Nodding his head, Bano caught my hand and held it between his. “Listen to me” he said, his voice full of sorrow. “Listen to me closely, my young friend. I am an old man and have seen and learned very much in life. In Brazil, everywhere I walked, looked or listened for human signs, signs of life and happiness, I bore witness to sorrow, grief and desolation. From every street, from every house or apartment echoed a history of human pain; a pain so unfathomable that you feel like escaping from it. Only you can not escape. You can not hide. The city is saturated with pain and anguish! I saw people from all assortments of races, ages and genders, all disillusioned and living in their own worlds of past memories, some happy, but most sad. They had all lost something in their life, be it a family member, a job, or more dangerously faith. I was fortunate, one of many that did not fall victim to the plague of anguish hovering and lingering all over the country. That was why I could never understand why these people, hurting from deep wounds that no one but they could see and feel, release their stress, for it was a very stressful situation they were coping with, by turning on others, trying to inflict an even greater pain than the one they were feeling. These people, some of whom I knew very well, desperately needed someone who would share their pain. They wanted other people to feel like they felt, depressed and aching from numerous internal and external wounds of both body and soul.

I can not claim to understand what profound inner turmoil  truly drove them mad, drove them to harm others, but I do know, that in every one of them, there was goodness inside.  I also know, that amongst all this sadness and melancholy, you have to learn to forgive.
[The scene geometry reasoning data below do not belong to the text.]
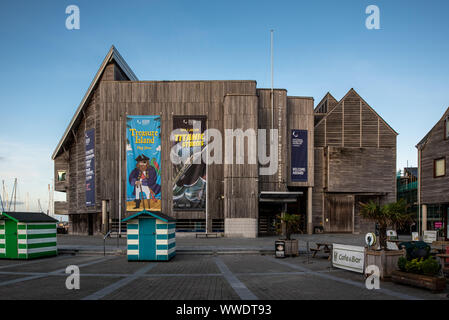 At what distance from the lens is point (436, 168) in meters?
32.3

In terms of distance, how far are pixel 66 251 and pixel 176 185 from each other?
48.6 feet

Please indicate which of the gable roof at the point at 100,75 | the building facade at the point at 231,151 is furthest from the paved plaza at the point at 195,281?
the gable roof at the point at 100,75

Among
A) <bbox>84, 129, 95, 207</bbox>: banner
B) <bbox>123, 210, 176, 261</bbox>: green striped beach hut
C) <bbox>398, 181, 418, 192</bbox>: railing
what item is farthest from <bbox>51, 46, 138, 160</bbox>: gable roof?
<bbox>398, 181, 418, 192</bbox>: railing

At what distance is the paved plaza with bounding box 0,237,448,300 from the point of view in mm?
9773

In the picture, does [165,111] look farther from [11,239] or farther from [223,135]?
[11,239]

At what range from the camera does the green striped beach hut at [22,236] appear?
59.3 feet

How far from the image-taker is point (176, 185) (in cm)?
3456

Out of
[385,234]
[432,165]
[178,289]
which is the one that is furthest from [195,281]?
[432,165]

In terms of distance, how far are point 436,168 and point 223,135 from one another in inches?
832

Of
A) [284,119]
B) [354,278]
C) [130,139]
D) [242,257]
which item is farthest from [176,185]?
[354,278]

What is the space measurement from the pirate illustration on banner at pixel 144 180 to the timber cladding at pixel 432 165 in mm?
27071

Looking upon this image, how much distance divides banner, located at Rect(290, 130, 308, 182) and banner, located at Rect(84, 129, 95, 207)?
72.7 feet

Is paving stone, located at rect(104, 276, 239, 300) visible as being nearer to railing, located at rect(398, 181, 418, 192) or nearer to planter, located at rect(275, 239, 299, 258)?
planter, located at rect(275, 239, 299, 258) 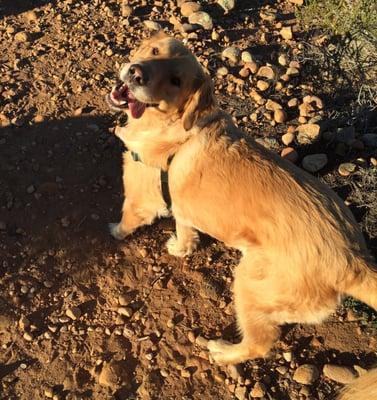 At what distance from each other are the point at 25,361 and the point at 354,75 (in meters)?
4.25

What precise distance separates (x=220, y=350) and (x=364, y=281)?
1341 mm

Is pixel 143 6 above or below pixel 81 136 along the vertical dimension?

You have to forgive, forgive but never forget.  That was one lesson I learned, one that brought me very far in life. Only by forgiving others can you learn to forgive yourself and believe me, in everyone’s life there will come a time when you desperately need your own forgiveness“.

Today, twenty years later, I look back upon those moments of my youth, and wonder. I wonder about innumerable ‘what ifs’ that could have lead my down different paths.

Yet, I am content with the path I chose after the long and eye-opening speech Bano had given me so long ago, during the climax of my weakness.

I neither forgave nor forgot what my father had done to me. I could not find that strength or that goodness inside my heart. Maybe he had destroyed that aspect of my personality. I don’t know? I don’t know what would have happened, and still wonder sometimes, what the result of my forgiveness would have been.

Speculating about it now, is senseless, I know. The past is, after all, the past. It can not be changed or relived. There is no second chance! For no one.

A long time ago,  I ultimately decided, after many sleepless nights, to burn what remained of the letter, to sever the only link I had to my father. It was, in a sense, a very gratifying experience. I can still remember that I stood for hours, gazing into the flames, thinking and truly believing that I was setting myself free.

Today, I can finally find it in myself to forgive my father. After the long times of wandering aimlessly within this world, I found myself at long last. I am a doctor now and  run a small clinic, which located amongst the towering tree giants of the Amazon Rainforest, is currently home to more than a hundred native tribesmen. It is here, that I fight against some of the miseries in life. In this niche of mine, I am doing my best to, every single day of my remaining life, change and enhance my and everybody else’s world to the best of my abilities. And I am doing it in memory of Bano, the only true father I ever had.